TORONTO -- The Blue Jays' infield was a concern in 2013, and not much changed this year as the club struggled to take away hits from the opposition and wasn't able to provide a much-needed security blanket for the pitching staff.
In a lot of ways, the performance of Toronto's infield mirrored the results from a year ago. Brett Lawrie got hurt again, and a lack of long-term options meant there was a revolving door at second base for the second consecutive season.
This is one of several spots on the roster that could use an upgrade and it's clear the status quo won't get the job done. In part three of a four-part series that examines where things went wrong and where things went right for the Blue Jays in 2014, we take a closer look at the infield and what needs to change:
Dioner Navarro: The big question surrounding the catcher heading into 2014 was whether he would be able to handle a full workload. The answer was yes as he went on to set a career high in games played at 139. It marked Navarro's first time playing more than 89 games since 2009, and despite the daily grind, he was able to finish the year strong. There were some issues with Navarro's ability to frame strikes and some occasional lapses with balls in the dirt, but for the most part, he exceeded expectations. He hit .274 and posted a .712 OPS with 69 RBIs. Navarro has one year and $5 million remaining on his contract.

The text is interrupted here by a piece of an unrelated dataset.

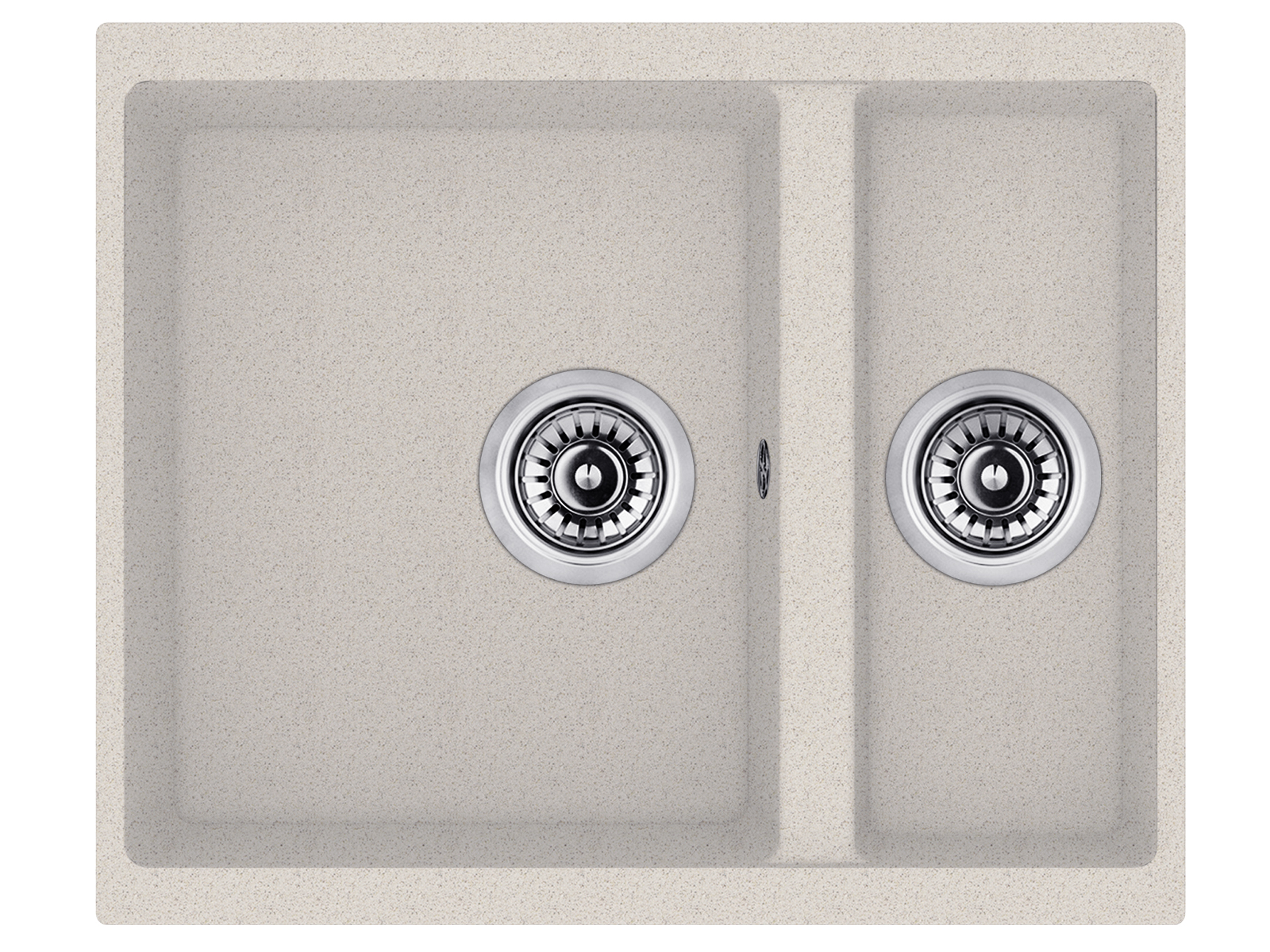картинка Мойка Longran ENIGMA ENG555.460 15  картинка Мойка Longran ENIGMA ENG555.460 15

Edwin Encarnacion: When the Blue Jays were red-hot in May, Encarnacion enjoyed the best month of his career. The first baseman hit 16 home runs to tie Mickey Mantle for the most by an American League player during May. Encarnacion's season hit a sour note on July 5, when he tore his right quadriceps muscle in Oakland. He did return on Aug. 15, but he was noticeably hobbled the rest of the way and couldn't reclaim that first-half success. The 31-year-old should be fully recovered by Spring Training, and he'll continue to form the heart of Toronto's lineup alongside Jose Bautista. Encarnacion is under control for the next two seasons at a combined $20 million.
Ryan Goins: The Blue Jays tried to hand the starting second-base job over to Goins, but the rookie infielder struggled to make consistent contact, and his overall inability to hit at the big league level cost him the role by the end of April. Munenori Kawasaki eventually took over and performed well with the bat for awhile, but he's best served in a utility role. Second base was a noticeable area of weakness for the Blue Jays last offseason and it remains one. Infielder Maicer Izturis will be back next year after a knee injury in 2014, but there's a clear need for additional help from outside the organization. Slotting Lawrie at the position is a fallback plan if the Blue Jays add a third baseman instead.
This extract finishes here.